Nonetheless, after buying it, I just found myself unable to go over the first twenty pages - I hated it. This is basically the story of two people living in the same apartment building in Paris, a twelve-year-old girl, Paloma, daughter of a former Minister of the French Government, and Renée, the building's janitress. The book structure is in fact very slender and, theoretically, easy to read. A series of extremely brief chapters, organised in five parts, all in first-person narration. The girl and the woman's thoughts alternate, the first one recounting "deep thoughts" and "diaries of the world's movement," as an attempt to capture the world before killing herself - as she states at the very beginning - on her next birthday. Renée, instead, just tells her everyday story, a life where she plays the average janitress while she fancies literature, philosophy, and art. It's a story of hate - but also resignation - to the hypocrisy that governs people's existence, particularly when it comes to aristocracy.
What I just couldn't stand at the beginning was Renée's harsh criticism of the building's inhabitants, their prejudices towards her, when she's the one deliberately presenting herself like an ignorant, stupid, mostly mute presence. It's just too much. As the book goes on though, it definitely mitigates, mostly thanks to the arrival of Mr. Kakuro Ozu, a Japanese movie director who sees through Renée's acting and also manages to change Paloma's perspectives.
The novel is clearly a reflection of the author Muriel Barbery's cultural involvement, since she's been teaching philosophy for a long time, and this really makes the book a very good read, with a series of observations on art, beauty, and literature. It really has some beautiful insights on the matters. Still, it remains a novel, and I think it has some failures for being one.

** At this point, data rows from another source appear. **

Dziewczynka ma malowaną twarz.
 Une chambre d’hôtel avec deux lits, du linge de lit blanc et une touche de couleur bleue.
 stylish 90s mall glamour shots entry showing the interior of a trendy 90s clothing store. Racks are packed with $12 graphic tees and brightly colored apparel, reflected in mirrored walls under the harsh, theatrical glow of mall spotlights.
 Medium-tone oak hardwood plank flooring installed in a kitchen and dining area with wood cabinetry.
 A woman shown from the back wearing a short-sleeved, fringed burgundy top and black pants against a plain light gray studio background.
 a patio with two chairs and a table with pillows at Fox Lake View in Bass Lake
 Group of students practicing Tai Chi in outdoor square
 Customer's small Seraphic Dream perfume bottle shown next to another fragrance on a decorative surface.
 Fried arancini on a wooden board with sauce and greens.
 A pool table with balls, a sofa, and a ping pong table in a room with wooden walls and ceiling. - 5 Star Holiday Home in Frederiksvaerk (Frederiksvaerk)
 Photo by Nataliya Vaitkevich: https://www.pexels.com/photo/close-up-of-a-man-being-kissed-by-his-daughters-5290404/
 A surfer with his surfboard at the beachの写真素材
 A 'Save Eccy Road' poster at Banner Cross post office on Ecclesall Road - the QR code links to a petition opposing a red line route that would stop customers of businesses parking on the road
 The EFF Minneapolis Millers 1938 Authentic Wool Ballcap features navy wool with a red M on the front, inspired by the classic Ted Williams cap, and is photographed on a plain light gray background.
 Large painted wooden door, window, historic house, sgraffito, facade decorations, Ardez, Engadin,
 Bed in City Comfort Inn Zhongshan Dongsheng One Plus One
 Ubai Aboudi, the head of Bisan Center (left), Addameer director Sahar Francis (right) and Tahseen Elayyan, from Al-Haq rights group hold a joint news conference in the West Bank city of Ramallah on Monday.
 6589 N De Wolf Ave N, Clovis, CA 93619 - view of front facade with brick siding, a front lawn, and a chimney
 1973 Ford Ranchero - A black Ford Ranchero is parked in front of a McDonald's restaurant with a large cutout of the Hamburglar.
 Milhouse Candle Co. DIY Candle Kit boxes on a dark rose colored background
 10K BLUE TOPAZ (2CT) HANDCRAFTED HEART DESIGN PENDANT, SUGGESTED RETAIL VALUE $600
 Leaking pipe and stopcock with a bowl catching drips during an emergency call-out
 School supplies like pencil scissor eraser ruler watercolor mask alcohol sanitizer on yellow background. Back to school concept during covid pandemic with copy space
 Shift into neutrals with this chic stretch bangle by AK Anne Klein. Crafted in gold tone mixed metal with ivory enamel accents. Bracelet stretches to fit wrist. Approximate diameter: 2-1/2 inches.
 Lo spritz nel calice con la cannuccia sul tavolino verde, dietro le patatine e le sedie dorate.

The first thing I thought was: this is fiction. It is fiction in an evident way, which you shouldn't be thinking while reading fiction, in my opinion. You should be taken by the story, and leave plausibility out either because you don't need to - for example in fantasy fiction - or because you don't question it. Paloma is a very smart, educated twelve-year old to the point where it's impossible she could be twelve. There's a passage in the book where the girl herself says that "a kid who wants to play an adult still remains a kid," but here we have this kid who quotes Proust here, Freud there, and some Jakobson in between. It's just not plausible, and this disturbed the whole narration.
It feels like this book was just an attempt to conjunct philosophy and fiction, but it went poorly. Where the philosophy takes you higher, the fiction is poorly constructed. Still, it's worth reading just to take in some deeper thoughts on the little things. Paloma's "diaries on the world's movement" take little moments, fractions of gestures, and draw a painting. A beautiful one. Her thoughts on grammar - "a way of access to beauty" - were such a delight. Just, don't buy this one if you're looking for a story.